Diversos fatores podem desencadear a formação de bagas pequenas e mal desenvolvidas. Um dos mais importantes é o clima no período de floração. Temperaturas inferiores a 10 °C nessa fase prejudicam a fecundação das flores e limitam o pegamento adequado dos frutos. Além disso, excesso de chuvas durante a brotação e a florada interfere diretamente na polinização e no desenvolvimento inicial das bagas. Nessas condições adversas, o cacho se forma de maneira irregular, com frutos que não conseguem acompanhar o crescimento dos demais.

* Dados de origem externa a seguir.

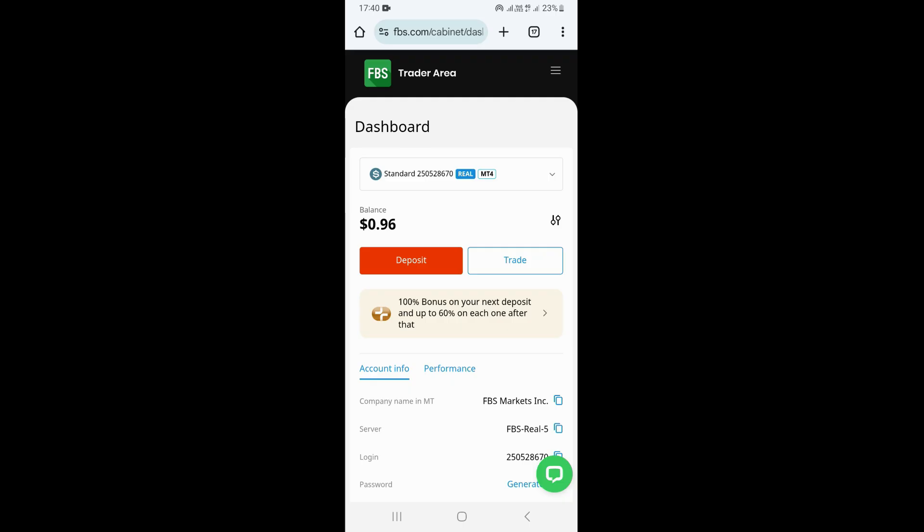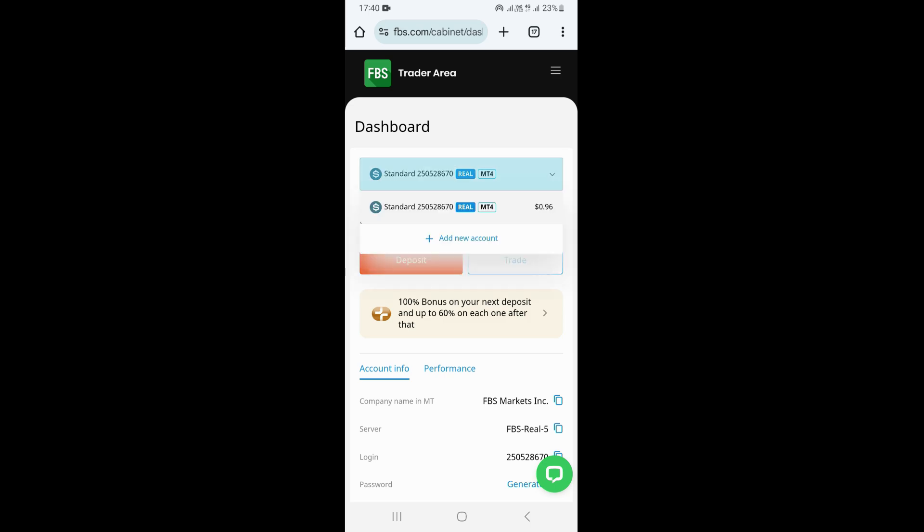Once you come here on your dashboard, what you need to do is click right here, just under dashboard, where you can see all your old accounts. You just need to click on this arrow pointing downward, and once you do that, this is going to show you the option at the bottom that says 'Add New Account.'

Outro ponto crítico é a nutrição da planta. A deficiência de boro é uma das causas mais frequentes desse problema, pois esse micronutriente está diretamente ligado ao processo de florescimento e fecundação. Plantas mal nutridas ou desequilibradas tendem a apresentar maior índice de bagoinha. Soma-se a isso a presença de viroses, que afetam o vigor das videiras e comprometem o desenvolvimento normal dos cachos. Não por acaso, cultivares como a Isabel comum e a BRS Vitória costumam ser as mais suscetíveis quando expostas a essas condições.

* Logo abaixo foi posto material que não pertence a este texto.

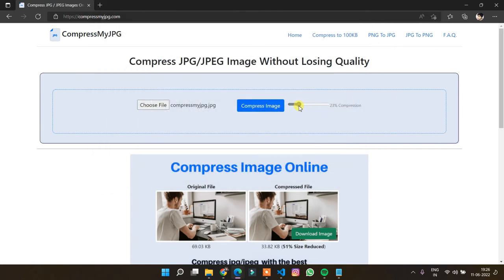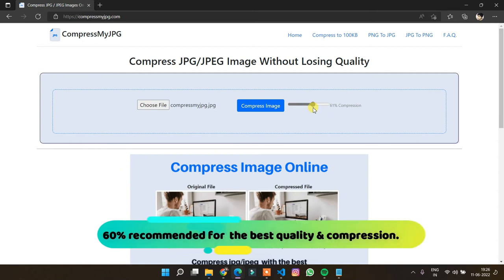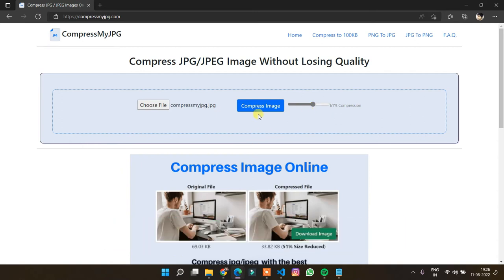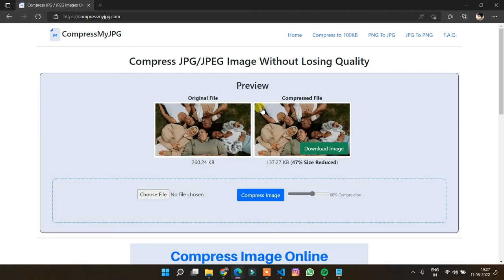Set the compression level of the file as 40%, 50% and 60% with the help of a scroll bar. Click on the Compress Image button. Here you will see the original file and compressed file.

Para minimizar o problema, o produtor precisa adotar uma estratégia integrada. É fundamental optar por cultivares que não floresçam em épocas tradicionalmente chuvosas da região e que apresentem maior tolerância a adversidades climáticas. Trabalhar com mudas certificadas, livres de patógenos, também é decisivo para evitar que vírus e doenças comprometam a lavoura desde o início. A nutrição equilibrada, com atenção especial ao fornecimento de boro e outros micronutrientes, deve fazer parte do planejamento anual do vinhedo.
O manejo do solo completa esse conjunto de ações preventivas. Cultivar videiras em áreas bem drenadas, com boa estrutura física e cobertura verde permanente, ajuda a reduzir estresses hídricos e térmicos que favorecem a desuniformidade das bagas. Mais do que um detalhe estético, o controle da bagoinha é questão de produtividade e qualidade. Entender suas causas e adotar práticas corretas é o caminho para transformar cachos irregulares em colheitas mais rentáveis e consistentes.